Under the Nuclear Waste Policy Act of 1982, Congress mandated that the federal government open a permanent geological storage facility for nuclear waste from civilian facilities and begin accepting waste by 1998. Plans for such a repository at Yucca Mountain, in Nevada, ran into heavy opposition and were halted in 2010. To date no alternative has been found.
More than 70 percent of the spent fuel in the U.S. currently remains at reactor sites, squeezed into tightly racked storage pools that were designed for much smaller loads.
Boron panels, which prevent fission from occurring in the fuel pool, are deteriorating at many sites, including at Pilgrim Nuclear Power Station. To address the problem, operators shift the hottest fuel in the pools away from the degraded panels. The Nuclear Regulatory Commission currently views the issue as one it will monitor.
Although it does not solve the problem of waste storage in communities across the country, the only way to reduce the danger from spent fuel is to move it to dry casks, mammoth steel-lined concrete structures, says David Lochbaum, director of the Nuclear Safety Project for the Union of Concerned Scientists.

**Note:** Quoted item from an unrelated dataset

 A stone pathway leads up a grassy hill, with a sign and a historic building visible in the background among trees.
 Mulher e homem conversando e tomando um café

LEFT WITH A ‘NUCLEAR DUMP’
Mayor Al Hill says Zion knew what it was signing up for in 1973, when it agreed to host a nuclear power plant: The trade was 267 acres of lakefront property for $18 million in annual revenue. The city did not agree to storing nuclear waste indefinitely
We have environmental concerns and everybody in the U.S. should have environmental concerns about these rods being so close to Lake Michigan,” Hill says. “We’re stuck with a nuclear dump.”
In July, U.S. Rep. Robert Dold, an Illinois Republican, filed a bill at the urging of Hill and other regional leaders to pay communities storing the nuclear waste. Under the Stranded Nuclear Waste Accountability Act, Zion, which stores more than 1,000 metric tons of spent fuel, would get about $15 million annually. Congressmen from other host communities have signed on to the bill.

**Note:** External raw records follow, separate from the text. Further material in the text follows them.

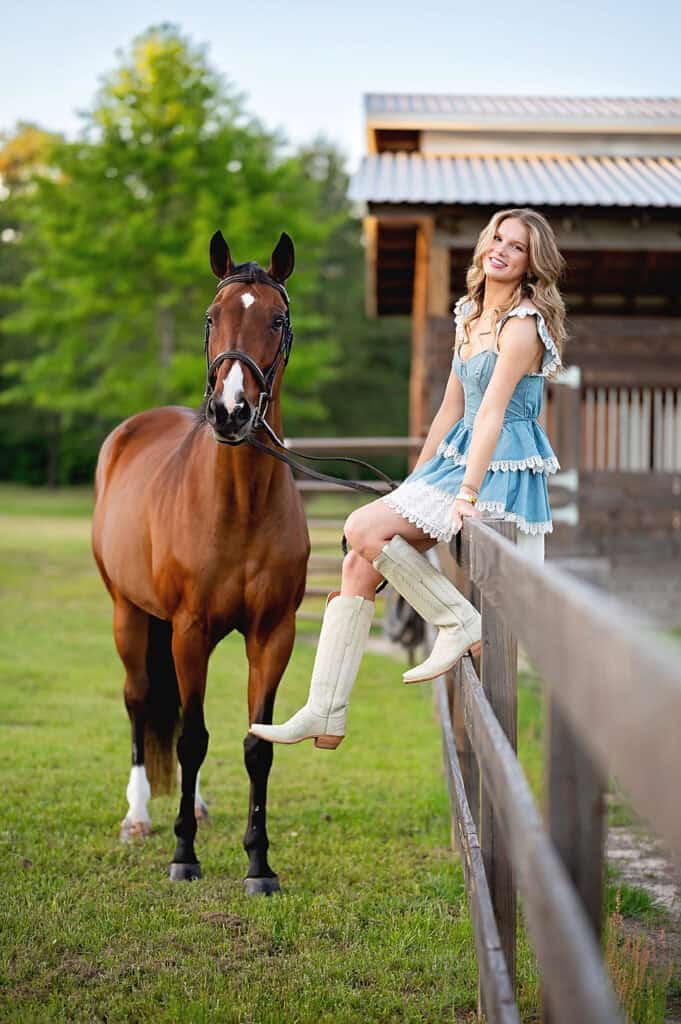 senior girl by a barn with a horse.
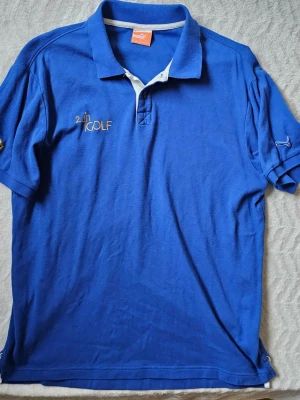 Blå pikétröja från Puma - Blå pikétröja från Puma med vit knappslå och broderad text '24h GOLF' i guld på bröstet. Klassisk krage och korta ärmar. Perfekt för dig som gillar sportig stil och vill ha något bekvämt och snyggt.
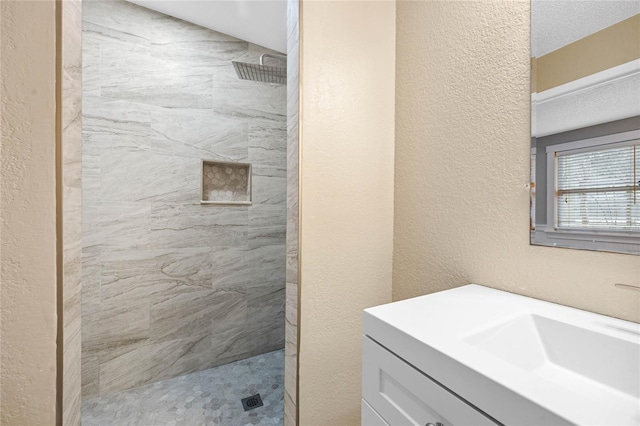 bathroom featuring a textured ceiling, tiled shower, and vanity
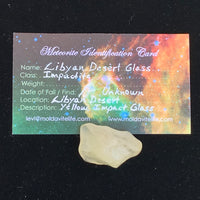 libyan desert glass sits with a moldavite life meteorite identification card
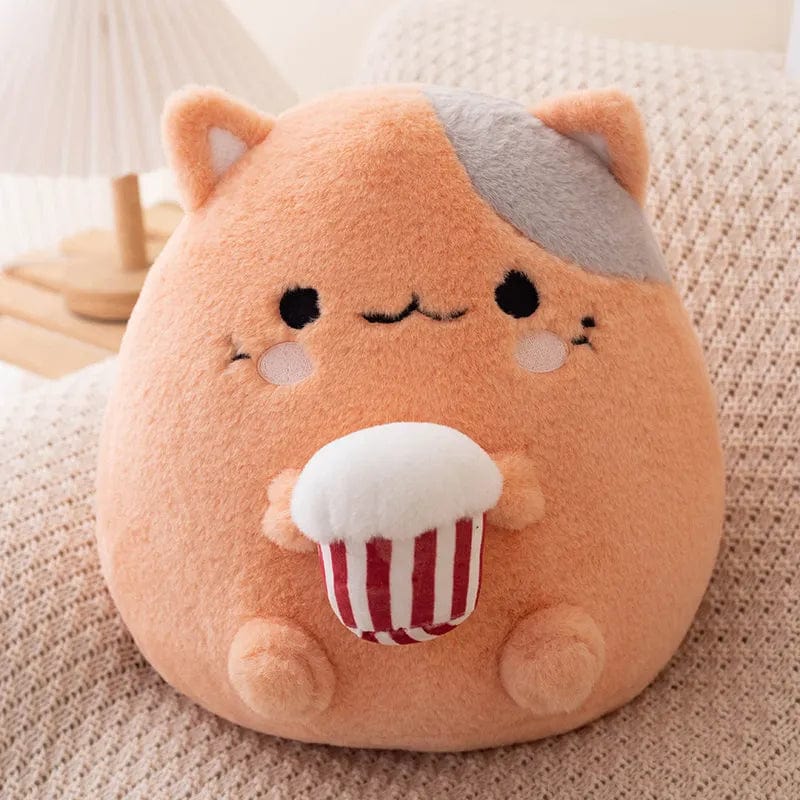ポップコーンを食べるぬいぐるみの猫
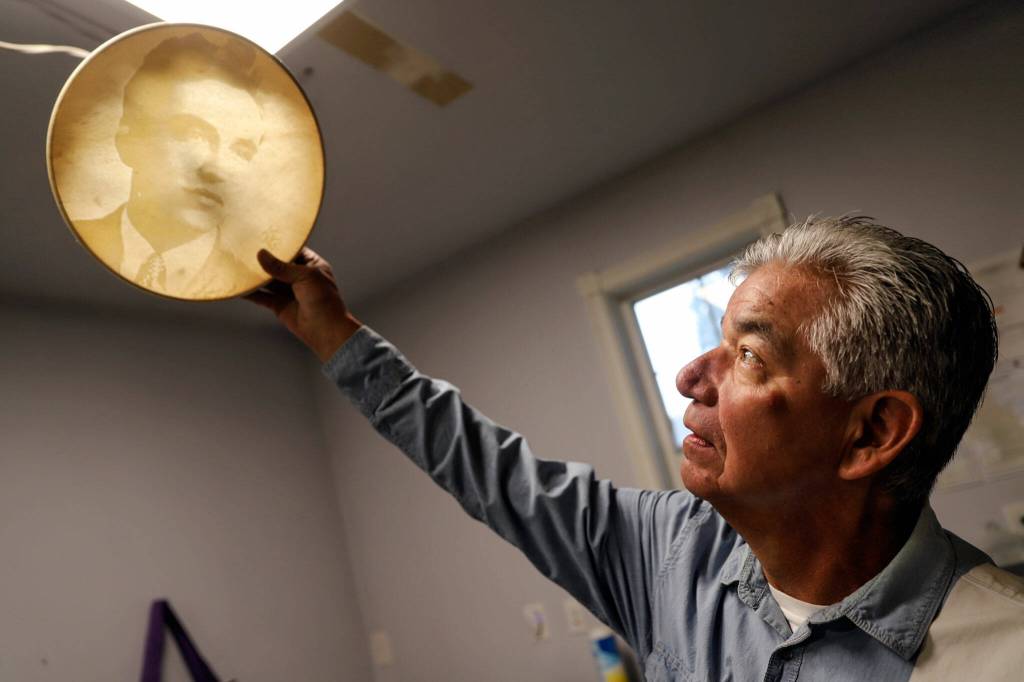 Les Parks shows off one of his laser-etched products Tuesday afternoon at his home in Tulalip. (Kevin Clark / The Herald)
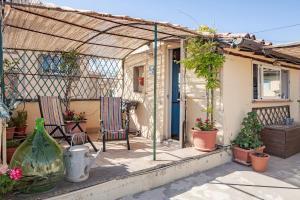 a patio with two chairs and a table with plants at The Terrace of San Pellegrino - Historic Center in Viterbo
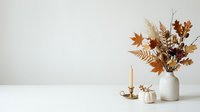 Autumn dried flowers and leaves in white ceramic vase with candle and pumpkin on white surface for fall home decor and seasonal styling.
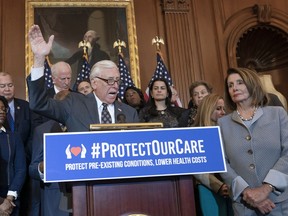 House Majority Leader Steny Hoyer, D-Md., joined at right by Speaker of the House Nancy Pelosi, D-Calif., speaks at an event to announce legislation to lower health care costs and protect people with pre-existing medical conditions, at the Capitol in Washington, Tuesday, March 26, 2019. The Democratic action comes after the Trump administration told a federal appeals court that the entire Affordable Care Act, known as "Obamacare," should be struck down as unconstitutional.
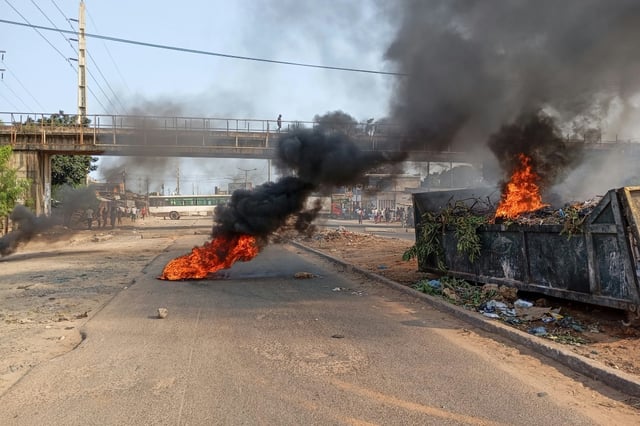 More than a dozen people were injured when police clashed with opposition supporters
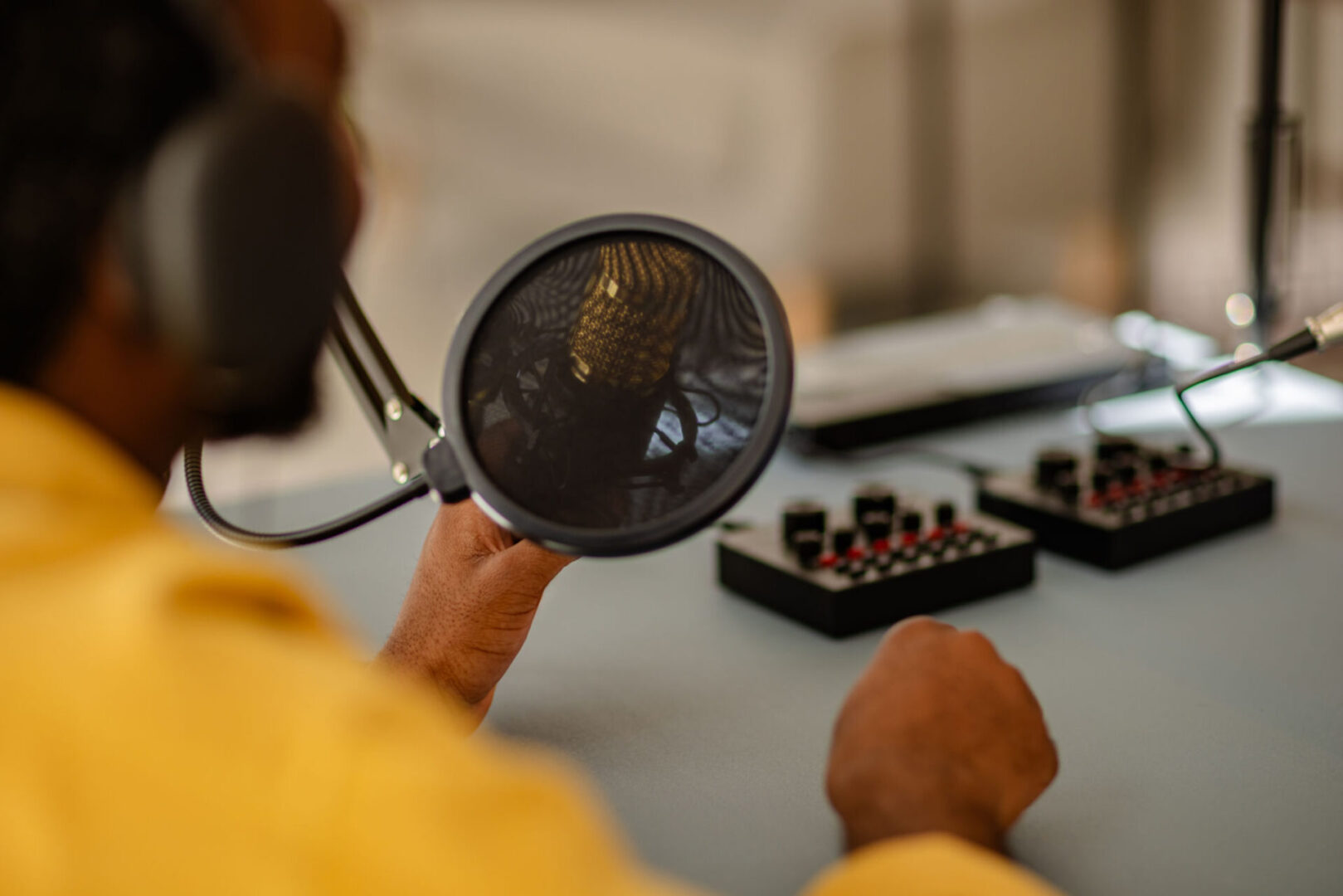 Person recording audio with microphone and equipment.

The Department of Energy is working on a plan for consent-based interim storage. Andrews County in West Texas, with a total population of under 15,000, has endorsed a proposal submitted by Waste Control Specialists. The Nuclear Regulatory Commission is reviewing the company’s application for a facility that would be ready by 2021 to store 40,000 metric tons of spent fuel from closed commercial reactors.
Holtec International is working on an application for a storage site in southeastern New Mexico and expects to submit its proposal to federal regulators by year’s end.
DEMANDING ANSWERS
Populations near U.S. reactors, meanwhile, want to know if their proximity poses a health threat. The NRC hired the National Academy of Sciences to conduct a study in 2010 but halted the work last year because of costs, expected to be about $8 million.

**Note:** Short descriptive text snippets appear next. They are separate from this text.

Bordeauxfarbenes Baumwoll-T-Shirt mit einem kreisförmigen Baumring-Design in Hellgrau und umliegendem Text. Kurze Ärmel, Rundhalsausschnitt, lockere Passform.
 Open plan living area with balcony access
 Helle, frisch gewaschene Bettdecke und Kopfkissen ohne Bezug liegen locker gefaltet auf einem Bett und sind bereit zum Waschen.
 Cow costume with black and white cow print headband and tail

U.S. Sen. Edward Markey, a Massachusetts Democrat who has long fought for tighter industry controls, said the agency gambles with the public’s health.
“The NRC blames budgetary constraints for ending the study, but what price do residents pay for living near operating nuclear facilities?” he wrote in a statement. “We should know that answer.”
Plant owners, however, hope to keep lucrative reactors online despite their age. Most already have extended their reactor licenses for another 20 years beyond the initial 40 they were allowed to operate. And at least two already have indicated their intent to go for another extension, which would allow the plants to continue until they are 80 years old. The Nuclear Regulatory Commission makes the decision on those extension requests.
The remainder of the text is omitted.